I like it with Cabernet Sauvignon, Zinfandel or Amarone.


----------



## joeswine (Mar 10, 2011)

I LIKE THE SIMPLE ITALIAN DISHES MADE THIS ONE YESTERDAY,TOOK EXTRA VIRGIN OLIVE OIL,SWEET ONION SLICED THIN SAUTÉED TILL NOT QUIT DONE ADDED PEAS, SALT ,PEPPER AND GARLIC POWDER ,A LITTLE WHITE WINEAND WINE BUTTER ,COOK BOW TIE PASTA SEPARATELY NOT QUITE ALDON TA,DRAINED WELL TOSSED IN TO THE MIX COOK EVER SO LITTLE ADDED REGGIANO AND LUGATELL CHEESE,GLASS OF VALPOLICELLA SET .........................MMMMMMMMMMM


----------



## Rocky (Mar 10, 2011)

joeswine said:


> I LIKE THE SIMPLE ITALIAN DISHES MADE THIS ONE YESTERDAY,TOOK EXTRA VIRGIN OLIVE OIL,SWEET ONION SLICED THIN SAUTÉED TILL NOT QUIT DONE ADDED PEAS, SALT ,PEPPER AND GARLIC POWDER ,A LITTLE WHITE WINEAND WINE BUTTER ,COOK BOW TIE PASTA SEPARATELY NOT QUITE ALDON TA,DRAINED WELL TOSSED IN TO THE MIX COOK EVER SO LITTLE ADDED REGGIANO AND LUGATELL CHEESE,GLASS OF VALPOLICELLA SET .........................MMMMMMMMMMM





Sounds great Joe.
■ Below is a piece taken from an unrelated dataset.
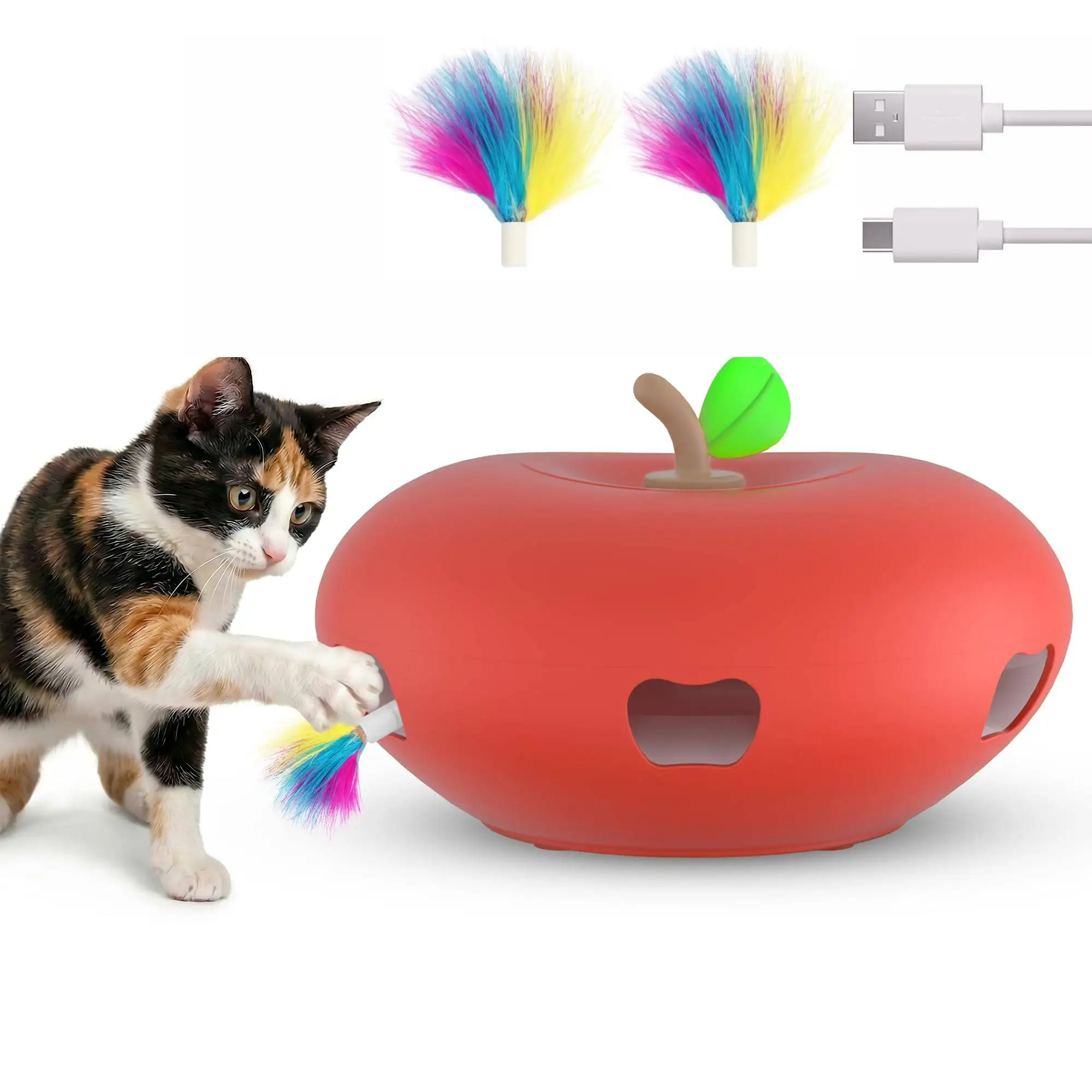 Cat Toys, Automatic Interactive Kitten Toys, Apple Shaped, Infrared Sensing USB Charging 1005012235766106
I like the addition of peas for sweetness. I will have to try that soon!


----------



## joeswine (Mar 10, 2011)

what kind of sauce does it produce,are you relying of the greens moisture and the sausage drippings,i had this not to long ago it was great food ,as most italian cooking is,do you like gazpacho soup,here's a quick excellent one,ingredients2 large yellow pepper,2large red pepper,1sweet onion,1 1/2 gallon bottle of mr/ms t bloody mary mix,,in a large sauce pan place olive oil,1/2 of the diced red and 1/2yellow peppers along with the onion,saute until not quit done,pour in the bloody mary mix and bring to a simmer.let cook down for 1 hr. at the half hr. mark add the balanceof thepeppers finish out the rest of the hr. serve with a french baguette and viognier..salt and pepper to taste,also 2 tablespoons of paprika at the halfway mark,very quick and excellent.try it ............


----------



## Rocky (Mar 10, 2011)

Joe, the sauce us a combination of the juice from the escarole, the olive oil, the liquid from the beans and garlic. I try to get most of the fat from the sausage out, but if you like that, use it and cut down on the olive oil. 


Your gazpacho sounds great. I will have to try it. We normally eat it cold but I know that it can be served either way.


----------



## joeswine (Mar 11, 2011)

got it thanks


----------